Stravinsky scrambled up and riffed on music from his Petrushka ballet to produce a technically fearsome three-movement showpiece (for his friend Arthur Rubinstein). The 19-year-old pianist Andrew Li showed little difficulty with its violent challenges Tuesday evening in his Burnes Hall recital for the Foundation for Chinese Performing Arts, and the explosive workings of his digits and hands looked, and often sounded, most impressive. The musicality, wit, and rhythmic life of the puppet and his world, however, and even some of the melodic lines, mostly escaped the young artist. But as loud display, and even soft display, it awed.
Similarly Mussorgsky’s Pictures, in which Li painted many moments of tonal and expressive grandeur, majestically knocking the gate open at the end. Yet characterizations, as of the dancing chicks, the arguing geezers, and so on, again received insufficient recognition and differentiation.
Preceding and following these showpieces, the obligatory Schubert (F-minor Impromptu), Beethoven (Sonata Opus 90), and Chopin (encore; Etude Op. 10 No. 8) were unloved, almost uncomprehended beyond notes on page. Even those wistful Q&A sections of the Schubert sounded like enriched, beautiful exercises. The Beethoven, which features much Haydnesque wit as well as Schubertian song, was shapeless in addition. The Chopin assaulted the ear as the full opposite of this, with a seemingly willful cluelessness that made me speculate whether Li was taking the occasion as somehow like a reality TV competition. Indeed, the slight youth exhibits video-appealing swoops and sighs with his power.

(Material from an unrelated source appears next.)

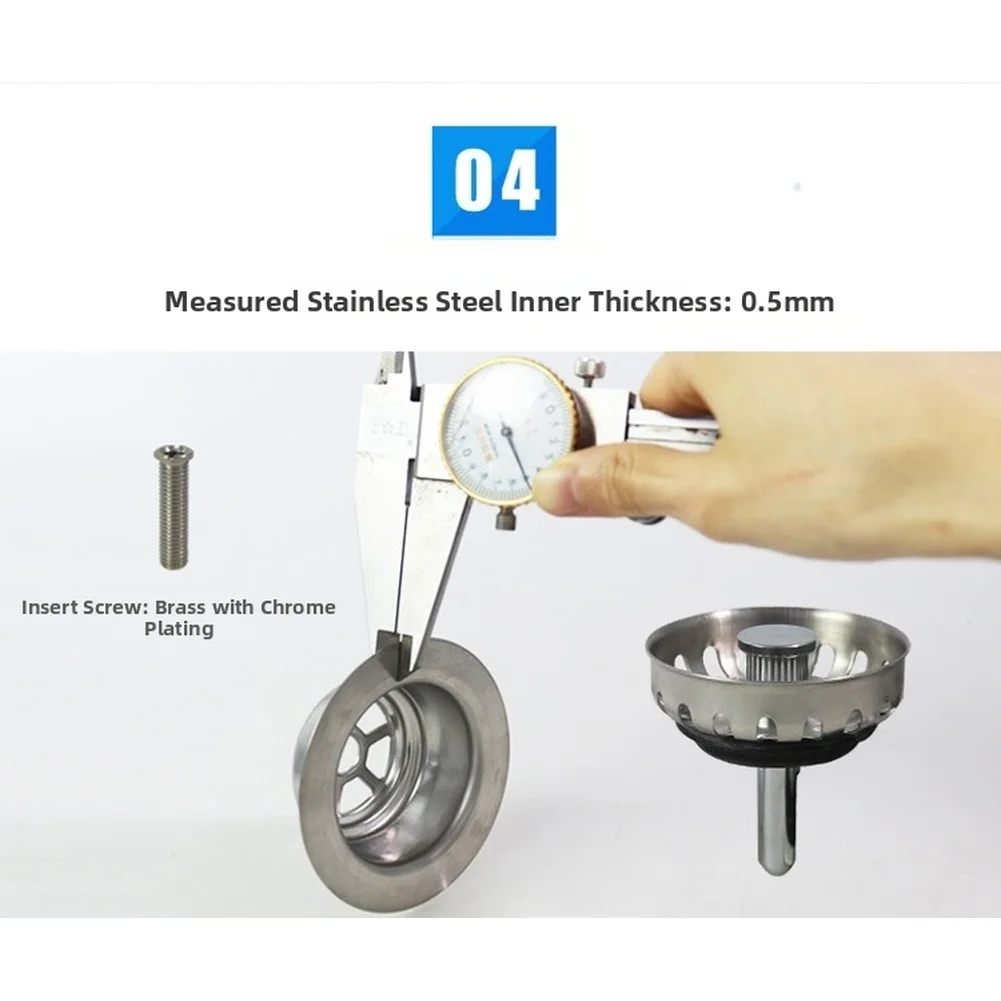 85mm Stainless Steel Kitchen Sink Drain Strainer With Overflow Basin Waste Sink Drain Pipe Set For Kitchen Bathroom Accessories view 3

Perhaps 35 years ago I asked a famous local piano teacher how one really talented young star was doing, learning under the master what was going on in the music, what to bring out and what not to, how to understand and then think about details musical. The teacher quipped, “Oh, his fingers are too fast to hear what I have to say.” I wonder if Andrew Li has been unduly influenced by Lang Lang or Yuja Wang. Of the latter, playing Petrushka no less, Matthew Guerrieri wrote that it was ever “true to the piano’s actuality, its discrete percussiveness, its steely ring. The real drama of the repertoire, she asserted, is in the keys and hammers and muscle of its realization.” That is one unpromising, not to say ultimately disobliging, way to think about piano music and to approach pianism in general.
Not to mention that both Lang Lang and Wang recently, ostentatiously have announced the need to reboot their aesthetic.